The NYT runs the interesting opinion piece from time to time. See here.
To much of which I say a firm AMEN. And everything hereafter is my nattering on, as is my untrammeled right, and you might find not one original thought. So take away my "Amen" and find something more interesting to read while I shake out my writing fidgets.
a student in one of my English classes was chastened for his preference for Shakespeare over that of the Haitian-American writer Edwidge Danticat. The professor challenged the student to apply a more “disinterested” analysis to his reading so as to avoid entangling himself in a misinformed gesture of “postcolonial oppression.”
This right here is how literature profs earn themselves a bad name. I've no idea who Danticat is, and he might be a stellar writer, but the whole point is I don't know--whereas I do know that Shakespeare (or another man by the same name)(joke) was a hugely influential writer whose work had a profound formative effect on our very language and continues to inspire and awe us today.
All of which is beside the point that instead of taking the student to task for "postcolonial oppression," whatever that might be, the professor could have encouraged thoughtful discussion of how we form our preferences and why, and what it was, specifically, that the student preferred in Shakespeare's work. And with that, the professor would have taught, perhaps, a little bit about critical thinking and how to develop and hold one's opinion. And *that* seems to be much lacking in today's world. "I like [current pop star]." "Why?" :::crickets::: That's one of the points the author makes, yes?
In the end, though, whether one prefers Shakespeare to a modern writer of any stripe is just a matter of taste, for which there is, famously, no accounting; but whether one prefers, just for example, candidate X or Y should be far more than a matter of taste.
It should be a matter of fact, to the greatest extent possible. This is the candidate's positions on a, b, and c. This is the candidate's history with respect to women, minorities, difficult questions from the press. This is when the candidate has lied, or has refused to lie. And while at a certain point one might resort to instinct or whathaveyou when making a decision as to a candidate's character, and how that character is likely to influence future decisions and actions, a great deal of fact should go into all of that.
In this regard, I see a major difference between waffling, mal-formed opinions on art or music or food or even, dare I say, yarn, and moral judgments.
Because morals, I would argue, apply to facts; and while we might fuss and fight around the edges, there are certain moral standards on which most of humanity agrees most of the time. Murder (however defined) is wrong. Abusing the helpless. Piracy. Theft. Plaids with stripes. Like I said, we might fuss and fight around the edges (who is really helpless? what's the difference between piracy and privateering under letters of marque?) and, sadly, human history is rife with blood spilled over questions people consider central, mostly related to religion but sometimes also greed (borders and such), but we all make moral judgments all the time and a startling number of them are probably not really hard calls.
Or they shouldn't be. If every point of view deserves equal weight, including that of the thief, well, we have got problems.
... we millennials labor to relish those differences and distances separating individuals, exalting difference at all costs. We anxiously avoid casting moral judgment. Because with absolute truths elusive, what claims do we have to insist that our moral positions are better than those of someone from a different nation or culture?
If we want to turn our backs on the predominating theme of historical judgments, that different means inferior if not simply bad, great. GREAT. As someone who would generally be very much on the wrong end of such judgments, I'm all in favor of not automatically judging something as bad because it's different. But I think what the author is getting at--and I could be wrong, but hey at least I'm forming an opinion--is that we can't throw out that old paradigm and not substitute something new. Perhaps the new paradigm needs to be one of questions rather than assumptions (good luck with that because, psychologically speaking, assumptions are how we manage daily life without going around the bend). What it cannot be, however, is a wholesale acceptance of what anyone puts forth.
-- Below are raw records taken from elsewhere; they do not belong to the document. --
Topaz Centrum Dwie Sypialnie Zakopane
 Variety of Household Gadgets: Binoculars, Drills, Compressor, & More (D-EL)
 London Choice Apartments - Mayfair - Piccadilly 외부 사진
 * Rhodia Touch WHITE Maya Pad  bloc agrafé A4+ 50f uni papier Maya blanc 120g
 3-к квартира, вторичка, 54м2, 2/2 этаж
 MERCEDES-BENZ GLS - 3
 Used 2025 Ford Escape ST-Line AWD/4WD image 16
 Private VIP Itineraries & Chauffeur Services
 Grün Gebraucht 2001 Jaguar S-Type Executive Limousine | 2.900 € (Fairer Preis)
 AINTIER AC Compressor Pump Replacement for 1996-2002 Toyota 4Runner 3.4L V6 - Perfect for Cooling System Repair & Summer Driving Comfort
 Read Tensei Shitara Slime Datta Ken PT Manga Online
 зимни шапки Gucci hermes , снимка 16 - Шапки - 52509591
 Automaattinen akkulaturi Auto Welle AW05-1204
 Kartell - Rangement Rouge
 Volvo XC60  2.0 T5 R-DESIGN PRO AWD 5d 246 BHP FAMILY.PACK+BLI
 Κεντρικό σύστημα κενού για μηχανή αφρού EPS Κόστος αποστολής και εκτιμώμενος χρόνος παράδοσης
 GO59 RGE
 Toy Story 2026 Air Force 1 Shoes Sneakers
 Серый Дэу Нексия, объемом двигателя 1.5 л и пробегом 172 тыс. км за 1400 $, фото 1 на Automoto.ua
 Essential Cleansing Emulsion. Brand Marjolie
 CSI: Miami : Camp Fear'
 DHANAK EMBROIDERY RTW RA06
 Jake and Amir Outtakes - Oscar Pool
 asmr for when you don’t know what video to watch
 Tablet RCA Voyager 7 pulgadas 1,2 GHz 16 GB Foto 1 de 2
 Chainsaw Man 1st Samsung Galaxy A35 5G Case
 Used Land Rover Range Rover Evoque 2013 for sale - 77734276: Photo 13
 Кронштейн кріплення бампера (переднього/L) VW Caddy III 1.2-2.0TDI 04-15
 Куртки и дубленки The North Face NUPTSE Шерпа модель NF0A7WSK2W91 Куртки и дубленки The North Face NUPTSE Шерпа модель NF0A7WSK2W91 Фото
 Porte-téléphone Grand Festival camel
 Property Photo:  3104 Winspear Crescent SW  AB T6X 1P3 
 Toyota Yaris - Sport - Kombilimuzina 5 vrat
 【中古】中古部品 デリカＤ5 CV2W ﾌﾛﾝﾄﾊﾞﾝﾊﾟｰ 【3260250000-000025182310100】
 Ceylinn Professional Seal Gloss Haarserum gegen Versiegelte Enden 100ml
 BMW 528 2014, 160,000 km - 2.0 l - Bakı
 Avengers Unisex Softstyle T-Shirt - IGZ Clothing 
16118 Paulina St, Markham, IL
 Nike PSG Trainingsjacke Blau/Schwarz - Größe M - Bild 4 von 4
Because at the fringes (if not at the heart of everything), there's some weird stuff going on, and some of it is just bad. Morally, profoundly, simply bad. If we accept evil (to use a loaded word) because someone else likes it, where will we be? And if we can't form and express an opinion that it is bad, how can we stop it? And who will suffer as a result?
Moral truths may be elusive (some of you may disagree), but that is not the same as nonexistent. Forming an opinion about certain things may be hard--and, frankly, we don't all need to have opinions on every single thing so it's sometimes unnecessary--but lauding a position because it's different is no better than denigrating it just because it's different. In both instances, judgment and discernment are abandoned.
Well. I always did like Diogenes. That troublemaker.